If I can’t have that I want to be mounted astride a T-Rex with riding harness wearing a necklace of saber teeth holding a time control remote. Than sink the whole lot in a subsidence zone like the gulf of mexico where I would be covered by silt quickly and a billion to 1 shot a being an unearthed mystery eons from now.
dorght says
Oops, I forgot the prerequisite condition of being dead before dropped in the auger hole or fossilization fantasy.
answersingenitals says
Is the best of all possible worlds one in which medical science has reached the pinnacle of knowledge and practice and the only form of death is suicide? Once people feel they have seen it all, done it all, achieved and enjoyed everything they hoped for they travel to the nearest composting station (or victory garden) and happily apply for an ‘ending’. Or will this just leave a population of religious fanatics (i. e., anyone who believes in god) who believe that there is an after life with eternal bliss and happiness, but fight dying with every once of their being?
PaulBC says
answersingenitals@29 On an individual level, maybe (not sure) but I think at a societal level, both finite lifespans and the presence of random chance are both beneficial. While I would like to see lifespans lengthened, it’s going to result in the same problems as any gerontocracy. Even those with sound mind and body will represent old views and established interests. They also deny opportunity to talented people who were born later. Randomness is also useful, because every individual attempting to optimize the same thing for themselves will not have the “all other things equal” outcome they were envisioning. “Designer babies” sound like a complete nightmare to me.
kaleberg says
There was a place on Capital Hill advertising eco-funerals starting back in 2009. It was the People’s Memorial Funeral Cooperative. Crunch enough for you? They advertised home funerals, green burials and life celebrations. They shared their building with a dentist.

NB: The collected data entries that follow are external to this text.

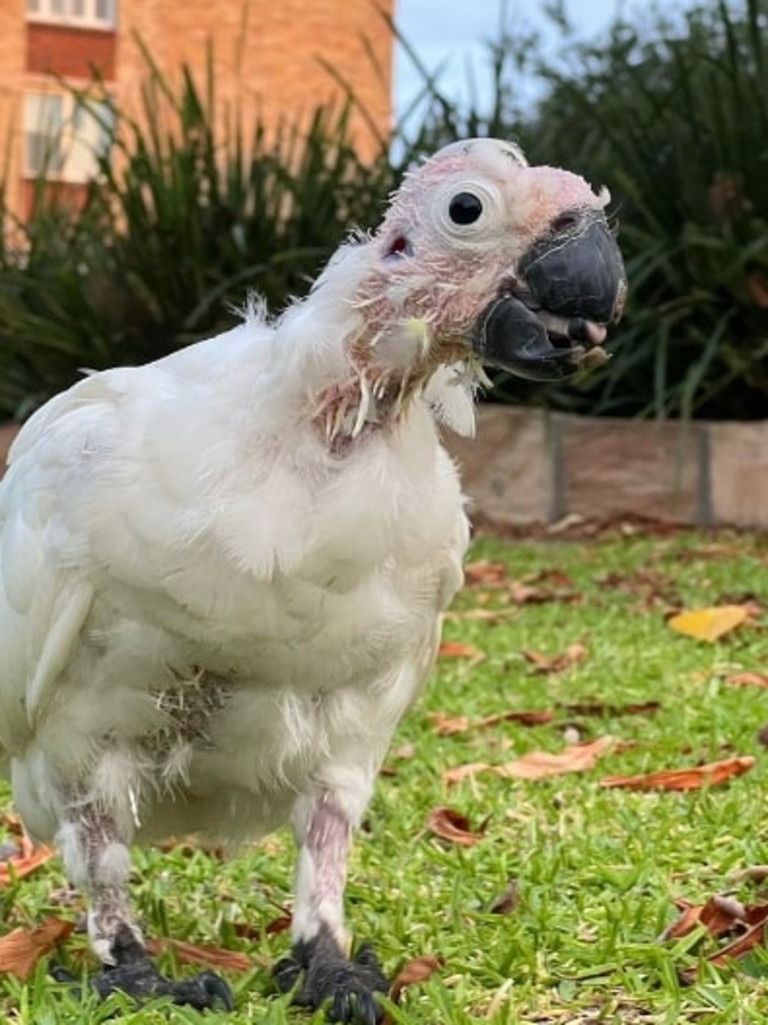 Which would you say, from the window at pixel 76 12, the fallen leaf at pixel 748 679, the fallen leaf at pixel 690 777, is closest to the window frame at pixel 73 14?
the window at pixel 76 12

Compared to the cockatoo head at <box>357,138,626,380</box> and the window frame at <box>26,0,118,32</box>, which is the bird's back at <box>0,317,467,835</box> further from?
the window frame at <box>26,0,118,32</box>

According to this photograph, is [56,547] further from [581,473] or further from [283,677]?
[581,473]

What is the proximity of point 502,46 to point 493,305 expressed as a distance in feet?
19.8

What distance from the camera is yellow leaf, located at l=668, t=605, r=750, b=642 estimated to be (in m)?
4.67

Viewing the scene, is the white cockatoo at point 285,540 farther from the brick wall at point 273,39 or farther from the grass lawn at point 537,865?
the brick wall at point 273,39

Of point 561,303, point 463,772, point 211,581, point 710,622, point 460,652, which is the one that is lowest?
point 460,652

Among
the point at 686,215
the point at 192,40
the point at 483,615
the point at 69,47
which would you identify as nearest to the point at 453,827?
the point at 483,615

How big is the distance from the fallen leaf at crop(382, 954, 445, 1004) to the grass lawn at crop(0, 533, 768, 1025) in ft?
0.05

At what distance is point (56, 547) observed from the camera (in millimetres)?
2107

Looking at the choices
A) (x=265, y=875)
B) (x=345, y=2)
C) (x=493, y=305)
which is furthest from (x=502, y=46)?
(x=345, y=2)

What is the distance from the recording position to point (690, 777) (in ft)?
10.1

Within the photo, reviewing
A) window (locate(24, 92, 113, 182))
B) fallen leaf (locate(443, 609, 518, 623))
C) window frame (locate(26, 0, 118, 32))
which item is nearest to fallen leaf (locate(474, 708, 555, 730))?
fallen leaf (locate(443, 609, 518, 623))

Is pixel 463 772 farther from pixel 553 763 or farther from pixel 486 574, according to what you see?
pixel 486 574

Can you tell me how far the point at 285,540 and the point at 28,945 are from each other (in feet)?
2.48
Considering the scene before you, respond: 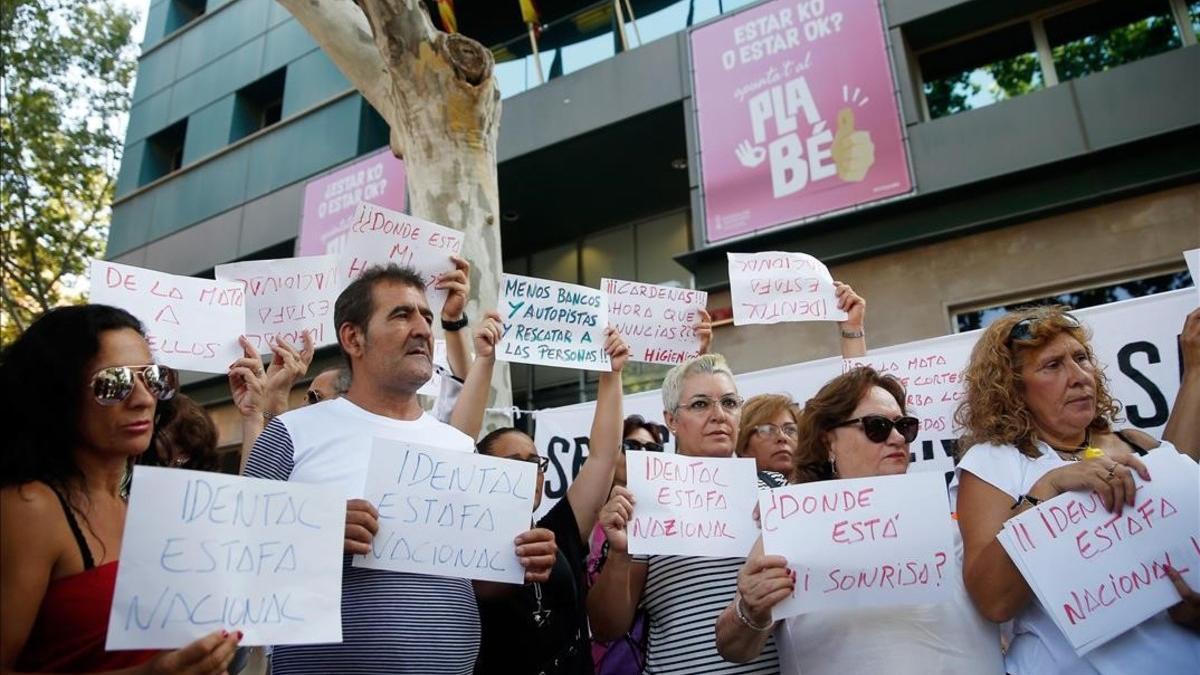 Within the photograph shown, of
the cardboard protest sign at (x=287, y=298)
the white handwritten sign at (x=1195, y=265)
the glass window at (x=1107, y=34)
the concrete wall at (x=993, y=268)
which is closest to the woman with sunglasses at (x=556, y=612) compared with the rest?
the cardboard protest sign at (x=287, y=298)

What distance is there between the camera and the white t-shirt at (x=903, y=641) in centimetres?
202

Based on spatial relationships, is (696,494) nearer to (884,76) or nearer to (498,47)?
(884,76)

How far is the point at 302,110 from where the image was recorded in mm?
13062

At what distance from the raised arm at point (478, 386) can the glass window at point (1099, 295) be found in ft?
15.8

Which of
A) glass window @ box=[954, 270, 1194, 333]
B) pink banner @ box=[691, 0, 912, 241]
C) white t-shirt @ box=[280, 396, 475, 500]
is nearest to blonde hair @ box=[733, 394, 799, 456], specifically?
white t-shirt @ box=[280, 396, 475, 500]

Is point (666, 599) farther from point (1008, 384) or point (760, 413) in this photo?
point (1008, 384)

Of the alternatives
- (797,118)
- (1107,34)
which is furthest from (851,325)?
(1107,34)

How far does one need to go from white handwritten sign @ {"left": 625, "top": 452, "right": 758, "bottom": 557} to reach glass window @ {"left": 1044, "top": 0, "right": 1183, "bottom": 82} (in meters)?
7.77

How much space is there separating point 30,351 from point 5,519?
412mm

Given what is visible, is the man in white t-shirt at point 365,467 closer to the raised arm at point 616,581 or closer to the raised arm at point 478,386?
the raised arm at point 616,581

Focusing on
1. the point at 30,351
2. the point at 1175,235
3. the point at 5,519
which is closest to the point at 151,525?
the point at 5,519

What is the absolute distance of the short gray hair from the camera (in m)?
2.88

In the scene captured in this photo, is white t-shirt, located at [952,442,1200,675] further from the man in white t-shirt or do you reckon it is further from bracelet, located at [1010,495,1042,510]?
the man in white t-shirt

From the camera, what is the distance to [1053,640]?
79.4 inches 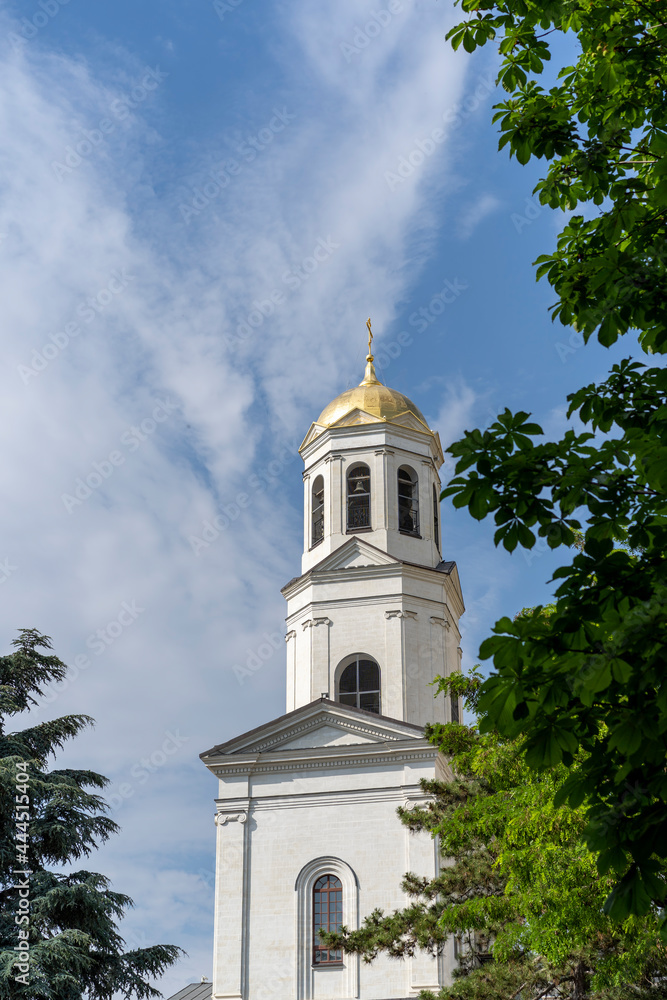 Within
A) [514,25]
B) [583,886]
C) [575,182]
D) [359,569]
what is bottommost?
[583,886]

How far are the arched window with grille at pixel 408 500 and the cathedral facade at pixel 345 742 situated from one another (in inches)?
1.7

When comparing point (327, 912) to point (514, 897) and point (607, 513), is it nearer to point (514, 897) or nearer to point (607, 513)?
point (514, 897)

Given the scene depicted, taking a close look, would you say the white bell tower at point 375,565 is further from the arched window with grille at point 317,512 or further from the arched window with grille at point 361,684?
the arched window with grille at point 361,684

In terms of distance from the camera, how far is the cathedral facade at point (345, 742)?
81.4ft

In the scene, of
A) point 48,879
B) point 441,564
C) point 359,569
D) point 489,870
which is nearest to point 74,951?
point 48,879

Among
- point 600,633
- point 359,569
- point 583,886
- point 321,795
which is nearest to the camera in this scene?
point 600,633

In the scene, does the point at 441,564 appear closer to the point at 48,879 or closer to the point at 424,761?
the point at 424,761

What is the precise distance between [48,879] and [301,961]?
6.67m

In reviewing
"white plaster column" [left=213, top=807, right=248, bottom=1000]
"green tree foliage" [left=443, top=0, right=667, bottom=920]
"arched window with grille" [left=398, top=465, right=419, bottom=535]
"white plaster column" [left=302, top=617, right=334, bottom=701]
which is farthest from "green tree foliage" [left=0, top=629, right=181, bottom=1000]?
"green tree foliage" [left=443, top=0, right=667, bottom=920]

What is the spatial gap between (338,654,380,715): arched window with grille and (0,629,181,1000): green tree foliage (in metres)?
7.93

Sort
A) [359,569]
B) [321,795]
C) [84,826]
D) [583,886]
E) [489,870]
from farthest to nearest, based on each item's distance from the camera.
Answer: [359,569] < [321,795] < [84,826] < [489,870] < [583,886]

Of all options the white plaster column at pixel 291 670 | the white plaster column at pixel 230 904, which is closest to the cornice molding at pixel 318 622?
the white plaster column at pixel 291 670

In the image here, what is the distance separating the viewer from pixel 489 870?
1675 cm

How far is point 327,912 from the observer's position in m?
25.1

I wonder if they were among the composting activists?
P.S. For a real hoot, pick up Jessica Mitford’s The American Way of Death. She wasn’t the Nazi Mitford.
PaulBC says
kaleberg@31
I have been trying to figure out what “crunch” means in that context. I can’t even find it in urbandictionary.
I was guessing something like “crunch” like granola, as in granola-head. But maybe I am overthinking. Just curious.
I remember over 25 years ago Baltimore City Paper used to have an ad with a picture of a guy in a captain’s hat who would scatter your “cremains” at sea. I thought it was really tacky, but to each his own I suppose.
John Morales says
answersingenitals @29, there are many possibilities.
My favourite “utopia” is the Culture.